On TV, some politicians seem lost in Katrina's wake
In times of crisis, politicians are our stand-ins and our advocates, our cheerleaders and our pillars. We expect them to be unflappable; that's why so much has been made of George Bush's blank-faced response to the news of Sept. 11 and his defiant speech days later on the World Trade Center ruins.
So one significant measure of the crisis that has hit New Orleans and Mississippi this week is the politicians' shaken demeanors as they make the TV rounds.
There has been no St. Crispin's Day quality to their pronouncements, no sense of rallying the troops, of bucking up. Louisiana Governor Kathleen Babineaux Blanco has come across as the distraught grandmother that she is, choking up as she tries to describe the destruction. Mississippi politicians have resorted to clumsy analogies, from ''tsunami" to ''Hiroshima," that some have maligned for historical inaccuracy. (It seems just as fair to assume that they were trying to convey total devastation to a country that has seen little of it.)

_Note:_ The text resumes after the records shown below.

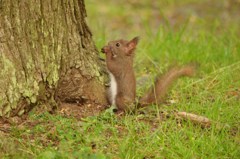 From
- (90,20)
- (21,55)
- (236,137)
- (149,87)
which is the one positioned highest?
(90,20)

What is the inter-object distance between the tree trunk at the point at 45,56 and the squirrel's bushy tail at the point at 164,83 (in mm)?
433

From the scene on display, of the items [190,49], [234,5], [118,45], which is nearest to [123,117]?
[118,45]

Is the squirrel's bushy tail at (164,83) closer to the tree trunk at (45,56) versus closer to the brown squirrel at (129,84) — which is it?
the brown squirrel at (129,84)

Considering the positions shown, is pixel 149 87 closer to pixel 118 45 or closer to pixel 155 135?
pixel 118 45

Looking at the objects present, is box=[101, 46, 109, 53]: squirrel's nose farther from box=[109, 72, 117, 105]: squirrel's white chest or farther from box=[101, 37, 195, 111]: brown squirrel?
box=[109, 72, 117, 105]: squirrel's white chest

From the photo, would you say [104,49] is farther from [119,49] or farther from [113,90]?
[113,90]

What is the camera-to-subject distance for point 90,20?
855cm

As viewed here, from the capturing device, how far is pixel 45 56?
435 centimetres

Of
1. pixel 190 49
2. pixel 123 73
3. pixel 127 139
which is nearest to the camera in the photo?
pixel 127 139

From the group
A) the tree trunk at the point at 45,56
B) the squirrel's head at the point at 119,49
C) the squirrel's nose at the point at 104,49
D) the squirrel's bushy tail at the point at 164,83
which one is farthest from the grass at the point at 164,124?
the squirrel's nose at the point at 104,49

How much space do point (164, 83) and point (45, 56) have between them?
1.25 m

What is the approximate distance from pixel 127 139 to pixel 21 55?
1.08 metres

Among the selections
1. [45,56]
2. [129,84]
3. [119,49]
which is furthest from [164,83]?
[45,56]

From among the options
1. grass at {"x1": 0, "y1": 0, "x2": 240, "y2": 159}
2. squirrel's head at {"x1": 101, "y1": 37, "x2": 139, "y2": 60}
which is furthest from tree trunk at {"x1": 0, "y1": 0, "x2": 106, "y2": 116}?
squirrel's head at {"x1": 101, "y1": 37, "x2": 139, "y2": 60} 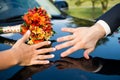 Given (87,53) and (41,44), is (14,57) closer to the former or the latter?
(41,44)

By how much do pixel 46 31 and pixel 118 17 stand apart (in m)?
0.69

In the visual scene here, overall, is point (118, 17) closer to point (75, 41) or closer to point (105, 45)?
point (105, 45)

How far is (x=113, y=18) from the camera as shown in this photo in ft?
11.1

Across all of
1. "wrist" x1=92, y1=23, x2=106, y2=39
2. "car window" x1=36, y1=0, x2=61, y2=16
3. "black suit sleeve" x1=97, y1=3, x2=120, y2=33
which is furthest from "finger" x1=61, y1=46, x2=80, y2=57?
"car window" x1=36, y1=0, x2=61, y2=16

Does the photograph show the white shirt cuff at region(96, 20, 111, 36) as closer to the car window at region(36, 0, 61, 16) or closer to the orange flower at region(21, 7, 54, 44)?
the orange flower at region(21, 7, 54, 44)

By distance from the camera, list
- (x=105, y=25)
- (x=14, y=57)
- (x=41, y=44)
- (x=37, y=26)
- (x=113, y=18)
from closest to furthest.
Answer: (x=14, y=57), (x=41, y=44), (x=37, y=26), (x=105, y=25), (x=113, y=18)

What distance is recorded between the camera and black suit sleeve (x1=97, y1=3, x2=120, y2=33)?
332 cm

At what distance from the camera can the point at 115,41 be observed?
11.3 ft

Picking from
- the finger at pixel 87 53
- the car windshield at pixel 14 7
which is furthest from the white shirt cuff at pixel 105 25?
the car windshield at pixel 14 7

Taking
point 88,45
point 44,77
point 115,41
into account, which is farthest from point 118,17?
point 44,77

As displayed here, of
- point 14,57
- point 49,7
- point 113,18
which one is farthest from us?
point 49,7

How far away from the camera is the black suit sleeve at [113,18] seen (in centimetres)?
332

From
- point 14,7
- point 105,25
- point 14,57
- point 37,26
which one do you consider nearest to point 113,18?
point 105,25

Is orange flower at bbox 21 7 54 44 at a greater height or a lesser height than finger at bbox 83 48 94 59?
greater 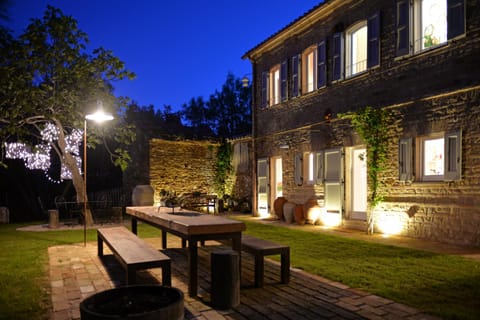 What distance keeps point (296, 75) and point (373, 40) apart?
9.42 feet

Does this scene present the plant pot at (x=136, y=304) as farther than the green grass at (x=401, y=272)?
No

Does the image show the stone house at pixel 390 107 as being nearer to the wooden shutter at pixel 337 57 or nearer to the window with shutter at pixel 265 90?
the wooden shutter at pixel 337 57

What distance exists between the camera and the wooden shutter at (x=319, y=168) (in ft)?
32.3

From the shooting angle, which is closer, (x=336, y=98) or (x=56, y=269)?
(x=56, y=269)

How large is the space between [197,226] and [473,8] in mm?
6028

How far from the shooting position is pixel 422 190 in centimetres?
743

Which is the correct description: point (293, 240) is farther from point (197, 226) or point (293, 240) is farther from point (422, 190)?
point (197, 226)

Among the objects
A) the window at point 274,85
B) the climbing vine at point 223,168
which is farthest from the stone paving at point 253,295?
the climbing vine at point 223,168

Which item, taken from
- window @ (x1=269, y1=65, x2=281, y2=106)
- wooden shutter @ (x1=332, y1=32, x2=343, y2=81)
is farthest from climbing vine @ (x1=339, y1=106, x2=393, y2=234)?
window @ (x1=269, y1=65, x2=281, y2=106)

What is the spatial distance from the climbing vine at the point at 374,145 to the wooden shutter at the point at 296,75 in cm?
278

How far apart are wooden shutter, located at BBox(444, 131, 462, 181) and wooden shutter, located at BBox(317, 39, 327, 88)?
12.2 ft

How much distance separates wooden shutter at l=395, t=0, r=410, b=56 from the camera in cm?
761

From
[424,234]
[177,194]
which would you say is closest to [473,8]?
[424,234]

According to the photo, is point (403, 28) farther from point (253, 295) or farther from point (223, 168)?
point (223, 168) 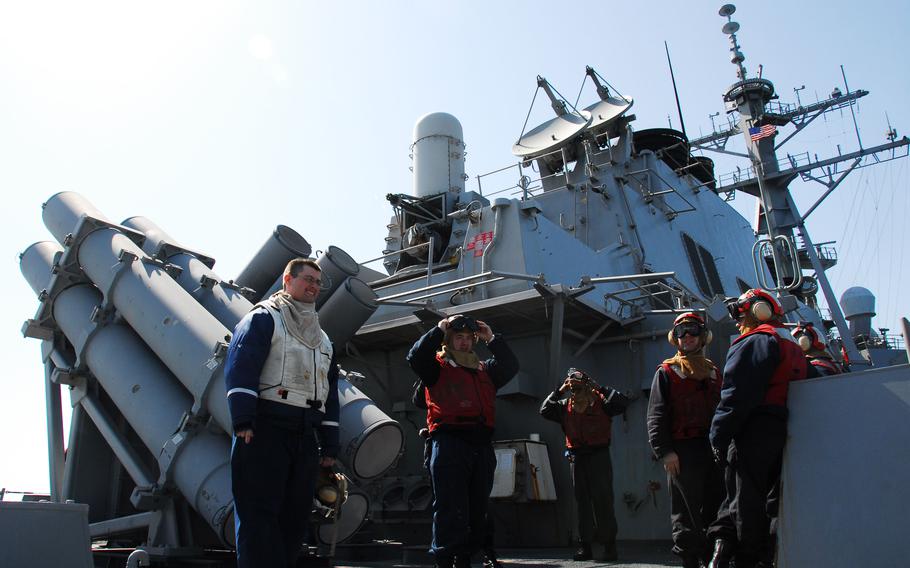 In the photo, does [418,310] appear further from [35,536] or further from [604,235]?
[35,536]

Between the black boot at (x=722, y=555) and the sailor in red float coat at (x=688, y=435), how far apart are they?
0.40 metres

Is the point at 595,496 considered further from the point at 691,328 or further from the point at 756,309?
the point at 756,309

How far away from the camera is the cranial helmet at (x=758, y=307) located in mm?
3766

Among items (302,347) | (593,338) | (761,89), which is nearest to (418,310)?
(593,338)

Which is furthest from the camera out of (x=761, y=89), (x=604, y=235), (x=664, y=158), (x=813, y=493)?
(x=761, y=89)

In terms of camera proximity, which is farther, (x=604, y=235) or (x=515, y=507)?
(x=604, y=235)

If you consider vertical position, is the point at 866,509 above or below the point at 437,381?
below

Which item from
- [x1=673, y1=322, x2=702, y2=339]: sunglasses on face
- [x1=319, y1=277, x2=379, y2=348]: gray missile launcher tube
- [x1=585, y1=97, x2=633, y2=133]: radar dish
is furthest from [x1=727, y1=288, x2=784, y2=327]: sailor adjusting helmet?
[x1=585, y1=97, x2=633, y2=133]: radar dish

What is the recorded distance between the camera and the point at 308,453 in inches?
144

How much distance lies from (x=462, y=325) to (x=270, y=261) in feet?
12.3

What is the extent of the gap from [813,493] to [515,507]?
217 inches

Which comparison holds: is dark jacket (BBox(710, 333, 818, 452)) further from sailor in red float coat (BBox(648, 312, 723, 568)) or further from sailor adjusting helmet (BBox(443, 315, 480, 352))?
sailor adjusting helmet (BBox(443, 315, 480, 352))

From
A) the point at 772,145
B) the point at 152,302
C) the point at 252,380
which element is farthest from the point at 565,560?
the point at 772,145

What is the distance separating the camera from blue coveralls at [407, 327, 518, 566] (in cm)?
430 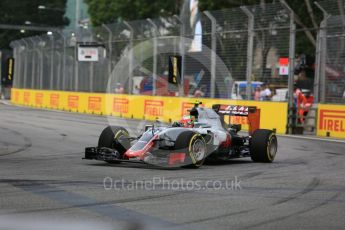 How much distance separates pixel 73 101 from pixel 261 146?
26021 millimetres

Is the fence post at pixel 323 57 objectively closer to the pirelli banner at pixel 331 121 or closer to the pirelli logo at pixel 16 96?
the pirelli banner at pixel 331 121

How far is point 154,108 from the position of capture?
29375 millimetres

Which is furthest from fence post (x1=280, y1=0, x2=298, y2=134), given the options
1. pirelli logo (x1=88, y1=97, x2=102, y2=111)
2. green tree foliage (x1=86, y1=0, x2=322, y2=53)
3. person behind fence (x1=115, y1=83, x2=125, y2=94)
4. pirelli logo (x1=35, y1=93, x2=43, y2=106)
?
pirelli logo (x1=35, y1=93, x2=43, y2=106)

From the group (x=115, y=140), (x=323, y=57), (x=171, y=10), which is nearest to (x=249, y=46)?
(x=323, y=57)

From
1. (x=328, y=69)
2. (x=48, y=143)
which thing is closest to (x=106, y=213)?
(x=48, y=143)

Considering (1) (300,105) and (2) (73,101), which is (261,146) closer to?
A: (1) (300,105)

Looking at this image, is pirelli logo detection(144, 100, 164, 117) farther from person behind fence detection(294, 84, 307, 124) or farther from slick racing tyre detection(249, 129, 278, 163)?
slick racing tyre detection(249, 129, 278, 163)

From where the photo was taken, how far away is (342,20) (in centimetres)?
2166

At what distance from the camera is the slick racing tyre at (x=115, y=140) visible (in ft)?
39.5

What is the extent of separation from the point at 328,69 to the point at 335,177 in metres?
11.7

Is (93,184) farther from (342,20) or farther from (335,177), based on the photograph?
(342,20)

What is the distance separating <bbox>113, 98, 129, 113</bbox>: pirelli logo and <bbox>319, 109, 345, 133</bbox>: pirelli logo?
11.6 meters

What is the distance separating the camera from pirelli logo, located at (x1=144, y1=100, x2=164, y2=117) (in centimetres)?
2916

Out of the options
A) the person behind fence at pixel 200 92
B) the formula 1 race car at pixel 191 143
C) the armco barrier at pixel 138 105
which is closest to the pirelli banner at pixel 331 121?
the armco barrier at pixel 138 105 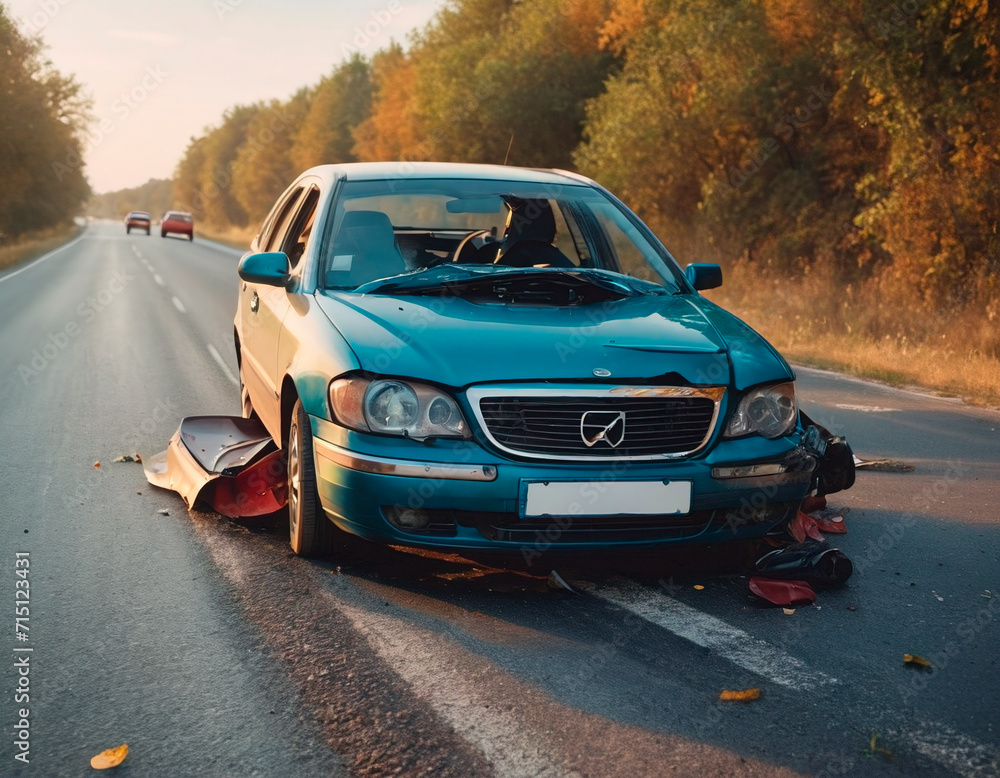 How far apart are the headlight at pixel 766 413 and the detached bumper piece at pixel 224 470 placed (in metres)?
2.11

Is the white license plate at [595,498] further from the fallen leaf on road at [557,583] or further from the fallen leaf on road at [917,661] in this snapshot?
the fallen leaf on road at [917,661]

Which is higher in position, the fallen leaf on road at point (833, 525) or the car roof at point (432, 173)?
the car roof at point (432, 173)

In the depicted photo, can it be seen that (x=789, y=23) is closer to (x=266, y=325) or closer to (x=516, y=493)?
(x=266, y=325)

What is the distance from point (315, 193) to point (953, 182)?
11.0 m

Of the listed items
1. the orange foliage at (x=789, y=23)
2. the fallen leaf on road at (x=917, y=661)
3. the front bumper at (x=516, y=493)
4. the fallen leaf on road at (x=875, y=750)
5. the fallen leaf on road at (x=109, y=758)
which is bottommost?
the fallen leaf on road at (x=109, y=758)

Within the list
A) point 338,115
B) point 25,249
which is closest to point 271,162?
point 338,115

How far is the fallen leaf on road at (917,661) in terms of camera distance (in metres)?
3.32

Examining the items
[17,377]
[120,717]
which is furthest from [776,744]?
[17,377]

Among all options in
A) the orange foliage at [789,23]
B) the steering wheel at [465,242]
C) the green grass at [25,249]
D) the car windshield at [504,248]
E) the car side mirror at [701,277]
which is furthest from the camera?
the green grass at [25,249]

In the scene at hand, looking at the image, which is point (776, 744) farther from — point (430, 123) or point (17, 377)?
point (430, 123)

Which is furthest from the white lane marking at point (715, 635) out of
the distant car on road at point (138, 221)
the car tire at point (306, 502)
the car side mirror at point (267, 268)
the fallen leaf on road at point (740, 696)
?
the distant car on road at point (138, 221)

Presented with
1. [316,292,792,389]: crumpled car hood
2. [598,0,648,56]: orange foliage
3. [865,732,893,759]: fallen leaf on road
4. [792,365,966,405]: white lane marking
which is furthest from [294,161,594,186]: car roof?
[598,0,648,56]: orange foliage

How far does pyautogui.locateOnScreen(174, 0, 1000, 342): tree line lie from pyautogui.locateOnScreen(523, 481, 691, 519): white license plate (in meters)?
2.82

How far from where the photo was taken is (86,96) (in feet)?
192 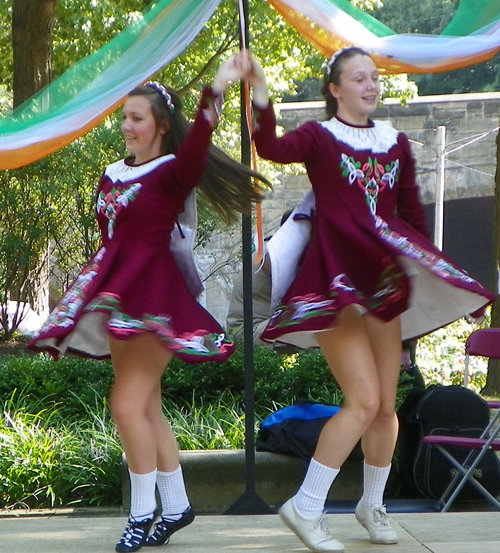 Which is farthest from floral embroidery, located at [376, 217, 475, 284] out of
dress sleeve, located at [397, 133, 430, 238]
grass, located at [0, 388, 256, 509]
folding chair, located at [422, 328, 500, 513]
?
grass, located at [0, 388, 256, 509]

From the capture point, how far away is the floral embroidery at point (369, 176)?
3.75m

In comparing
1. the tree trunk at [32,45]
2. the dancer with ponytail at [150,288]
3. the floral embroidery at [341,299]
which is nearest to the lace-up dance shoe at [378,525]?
the dancer with ponytail at [150,288]

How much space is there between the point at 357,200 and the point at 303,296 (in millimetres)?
446

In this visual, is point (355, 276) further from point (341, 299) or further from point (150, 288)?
point (150, 288)

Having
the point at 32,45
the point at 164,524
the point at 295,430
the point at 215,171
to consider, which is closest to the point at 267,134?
the point at 215,171

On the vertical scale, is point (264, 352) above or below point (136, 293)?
below

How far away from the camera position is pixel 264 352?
7.13 metres

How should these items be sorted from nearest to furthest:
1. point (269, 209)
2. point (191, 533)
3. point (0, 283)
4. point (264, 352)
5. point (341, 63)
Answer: point (341, 63) < point (191, 533) < point (264, 352) < point (0, 283) < point (269, 209)

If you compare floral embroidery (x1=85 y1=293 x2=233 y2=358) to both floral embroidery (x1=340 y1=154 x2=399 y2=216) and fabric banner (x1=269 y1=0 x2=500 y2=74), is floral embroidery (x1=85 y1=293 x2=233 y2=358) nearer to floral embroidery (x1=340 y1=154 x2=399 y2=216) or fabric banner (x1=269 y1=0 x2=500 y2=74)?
floral embroidery (x1=340 y1=154 x2=399 y2=216)

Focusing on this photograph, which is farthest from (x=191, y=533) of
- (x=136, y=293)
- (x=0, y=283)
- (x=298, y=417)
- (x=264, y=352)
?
(x=0, y=283)

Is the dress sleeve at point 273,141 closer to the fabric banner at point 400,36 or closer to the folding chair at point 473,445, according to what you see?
the fabric banner at point 400,36

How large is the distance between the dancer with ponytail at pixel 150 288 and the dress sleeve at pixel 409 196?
634 mm

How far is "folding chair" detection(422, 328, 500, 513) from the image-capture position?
5219 millimetres

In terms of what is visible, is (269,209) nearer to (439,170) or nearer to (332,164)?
(439,170) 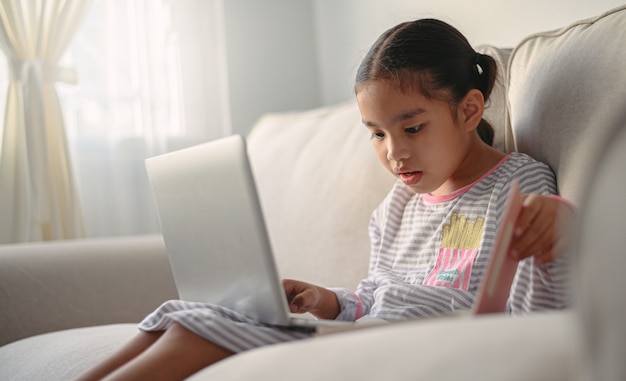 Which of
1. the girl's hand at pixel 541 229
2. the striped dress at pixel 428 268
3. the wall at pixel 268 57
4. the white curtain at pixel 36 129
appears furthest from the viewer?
the wall at pixel 268 57

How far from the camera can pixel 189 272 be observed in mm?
1100

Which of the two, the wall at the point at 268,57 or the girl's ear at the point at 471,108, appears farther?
the wall at the point at 268,57

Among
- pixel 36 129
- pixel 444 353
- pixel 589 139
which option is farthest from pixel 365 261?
pixel 36 129

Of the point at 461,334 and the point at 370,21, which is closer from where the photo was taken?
the point at 461,334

And New Orleans Mayor Ray Nagin has offered stark assessments of the damage, the way the situation has worsened by the hour, the dark triage process that has ensued. ''We do know there are dead bodies, there are dead bodies floating in some of the waters," he told CNN's Aaron Brown Tuesday night. ''The rescuers basically pushed them aside as they were trying to save individuals."
It came without hyperbole or heightened emotion. It was matter-of-fact. It was the truth.
It's worth wondering what people really need at a moment like this, whether unvarnished truth is as useful, as helpful, as false bravado. Surely, it will help influence people and companies to open their pocketbooks and coffers. But even to a population scattered on higher ground and looking for news of their flooded homes, there may be something refreshing about being told that, yes, it is that bad.
Perhaps it's just hard to refute the images streaming in from New Orleans and the Gulf Coast, the eerie, still-like quality of those shots of deep, gray water. The pictures evoke such post-apocalyptic visions as ''A.I.," the Kubrick/Spielberg fable of 2001, which imagined a submerged New York after polar ice caps melted. And the news reports contribute to the sense of doom; most notable, perhaps, was Jeanne Meserve's choked-up telephone report to CNN, which aired Monday and was replayed Tuesday during ''NewsNight With Aaron Brown."
Blanco, in particular, has embodied that sort of empathy; she is shaken, unpolished, and often on the brink of tears. Whether a male politician could get away with that, even today, is unclear -- though one male safety official in Jefferson Parish cried this week as he asked for disaster relief for his own emergency workers.
Mississippi Governor Haley Barbour has issued what is closest to a swagger; on NBC yesterday morning, he predicted that the state had reached a ''turning point," albeit an early one, and on CNN's ''Larry King Live" the night before, he predicted a bigger, better coastline in the future.
That may well turn out to be the case, but, as even Barbour had to concede, that future is a long way away. And, this being an act of God, not of terror, there is no quick, satisfying way to strike back, or to keep morale up during the rebuilding. No amount of practiced spin can change that reality -- something practiced politicians might instinctively know.